(CN) — Two members of Wells Fargo’s board have resigned in the wake of a congressional report that showed the bank failed to respond to consumer abuses for more than a decade.
The bank announced Monday morning that Elizabeth A. Duke and James H. Quigley both tendered their resignations Sunday. Both had served in leadership roles and on numerous committees during their tenure.
Wells Fargo CEO Charlie Scharf said in a statement that Duke and Quigley “helped the board navigate significant challenges relating to the sales practices issues, and they began the hard work of instituting necessary changes in leadership, governance, compensation programs and our business model.”
But a 113-page report issued last week by the House Financial Services Committee paints the work of Wells Fargo’s leadership — with an emphasis on Duke and Quigley — in a much different light.
“Wells Fargo’s board and management repeatedly have failed to demonstrate that the bank can establish a compliance management infrastructure capable of preventing consumer abuses,” the report states, citing numerous violations ranging from racial discrimination and wrongful foreclosure to illegal vehicle repossession and fraudulently opened accounts, which was the focus of a highly publicized scandal.

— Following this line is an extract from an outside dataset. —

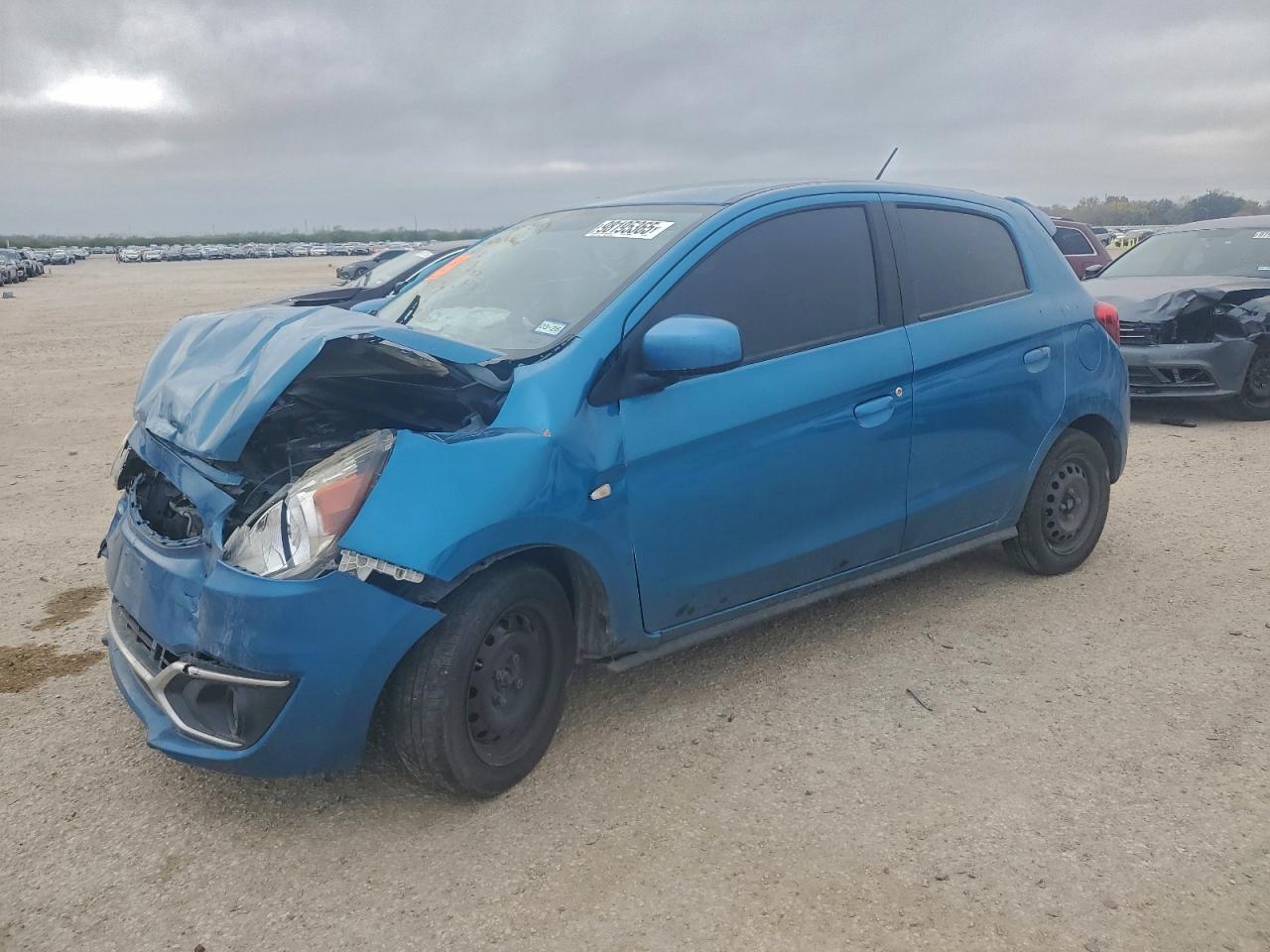 Salvage Mitsubishi Mirage Image
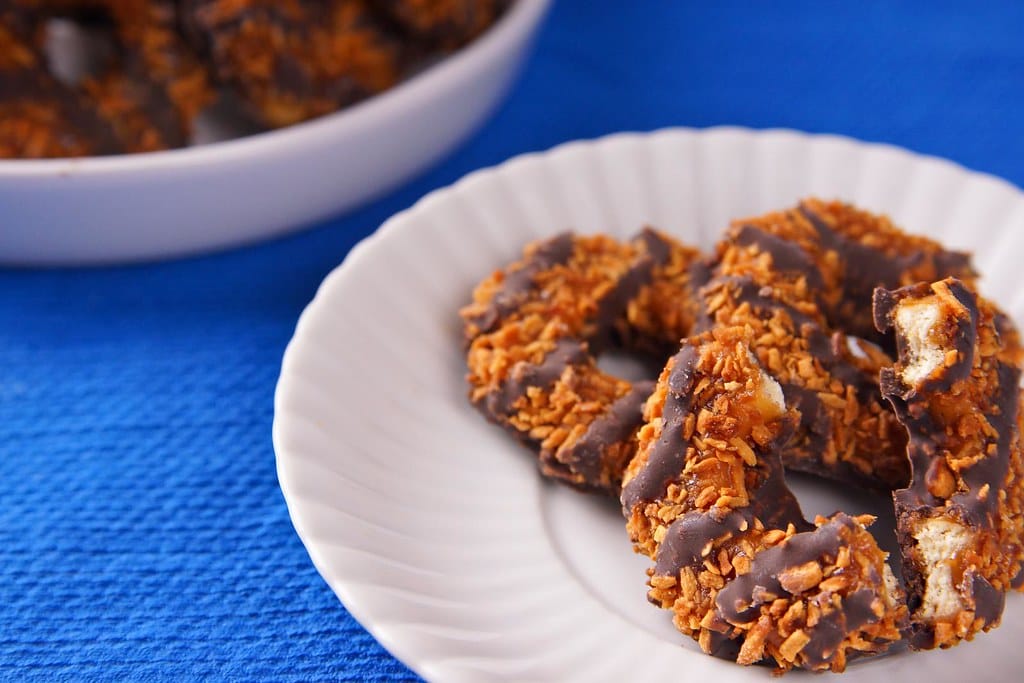 A photo of close-up caramel delights.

The report also says the House committee’s review of internal Wells Fargo records “reveals that too often the bank focused on profits and exiting the regulators’ consent orders rather than on fixing the bank’s long-standing compliance management weaknesses.”

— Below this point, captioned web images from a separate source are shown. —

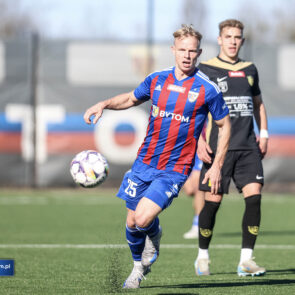 Pilka nozna. Betclic II liga. Polonia Bytom - GKS Jastrzebie. 16.03.2025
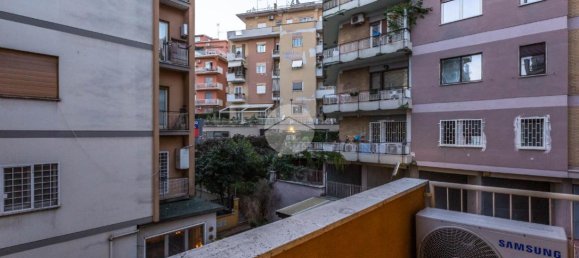 Apartamento de 3 habitaciónes en Rome, Italy No. 5621 24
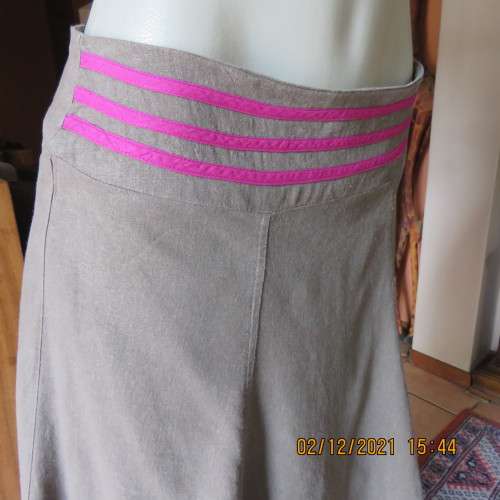 Fun skater style skirt in 2 layers.Magenta pink underlayer and med.brown cotton/linen top.Size 34/10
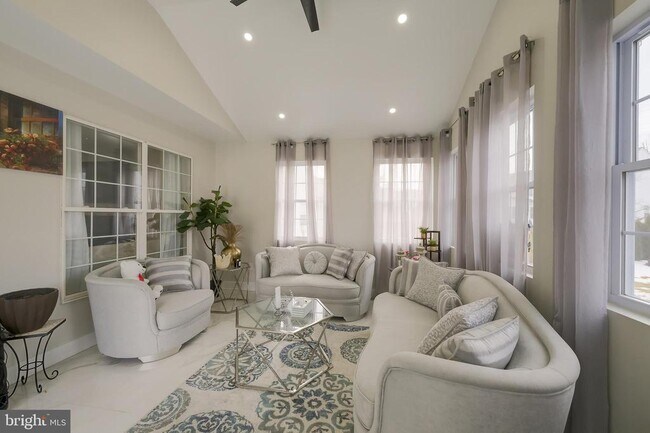 Building Photo - 601 Crossover Ct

Both Duke and Quigley are named throughout the report, which found that the two failed to address congressional demands for plans following the 2016 reveal of a long-running scam that created phony accounts for existing customers without their permission.
“Duke questioned the CFPB’s practice of including her on letters requesting the bank take certain actions: ‘Why are you sending it to me, the board, rather than the department manager?’” the report states, using an abbreviation for Consumer Financial Protection Bureau. “‘This is reflective of [a] previous comment [Duke] made in early 2017’ that she couldn’t get between the regulators and the bank attorneys when the CFPB experienced difficulties with the bank’s outside counsel.”
Quigley, meanwhile, blew off meetings with regulators to take tropical vacations, according to the report.
“I am currently scheduled to be in the Galapagos Islands on these dates. I have made arrangements to have a satellite phone available during these days,” according to an email cited in the report that Quigley sent after regulators requested a meeting in February 2019. “I will do my best to participate, but I am not certain on the stability of communications in that part of the world.”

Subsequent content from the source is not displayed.